Red Hat Enterprise Linux 7 implements Linux Containers using core technologies such as:
- Control Groups (Cgroups) for Resource Management
- Namespaces for Process Isolation
- SELinux for Security, enabling secure multi-tenancy and reducing the potential for security exploits
- The kernel uses Cgroups to group processes for the purpose of system resource management
- Cgroups allocate CPU time, system memory, network bandwidth, or combinations of these among user-defined groups of tasks
- The kernel provides process isolation by creating separate namespaces for containers
- Namespaces enable creating an abstraction of a particular global system resource and make it appear as a separated instance to processes within a namespace
- Consequently, several containers can use the same resource simultaneously without creating a conflict
Types of Namespaces:
Mount Namespaces Isolate the set of file system mount points seen by a group of processes so that processes in different mount namespaces can have different views of the file system hierarchy. For example, each container can have its own /tmp or /var directory or even have an entirely different userspace.
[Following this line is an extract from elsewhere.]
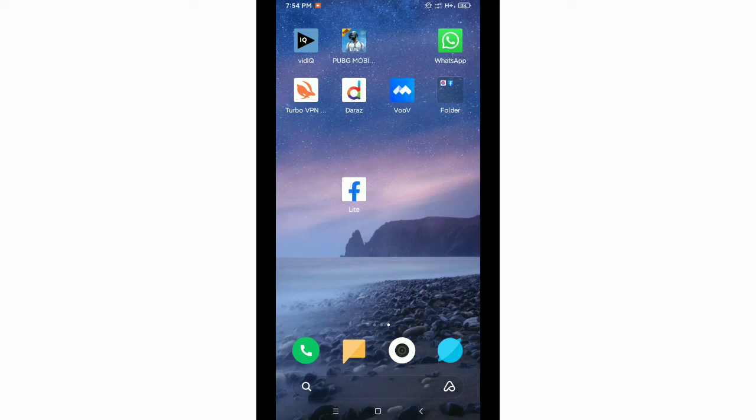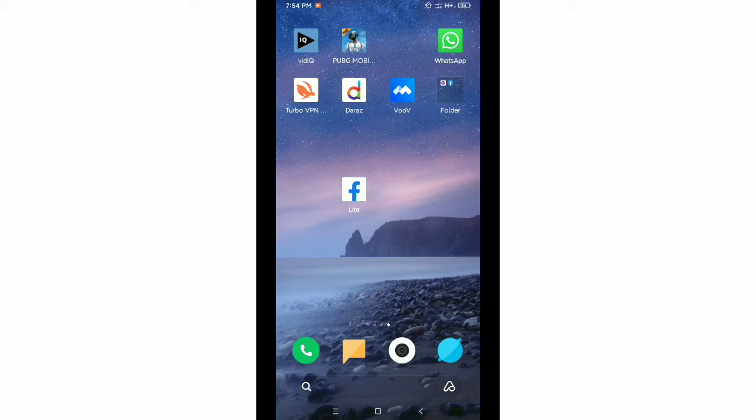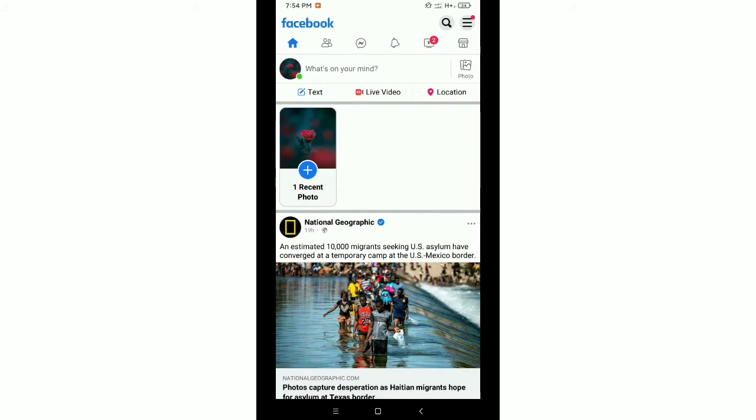Hello everyone, welcome back. Today in this video I would like to show you how to turn off active status on Facebook Lite. Let's begin. First, you need to open your Facebook Lite application, then tap on the top right corner three-line menu icon.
UTS namespaces isolate two system identifiers – node-name and domain-name, returned by the uname() system call. This allows each container to have its own hostname and NIS domain name, which is useful for initialization and configuration scripts based on these names
IPC namespaces isolate certain inter-process communication (IPC) resources, such as System V IPC objects and POSIX message queues. This means that two containers can create shared memory segments and semaphores with the same name, but are not able to interact with other containers memory segments or shared memory.
PID namespaces allow processes in different containers to have the same PID, so each container can have its own init (PID1) process that manages various system initialization tasks as well as containers life cycle.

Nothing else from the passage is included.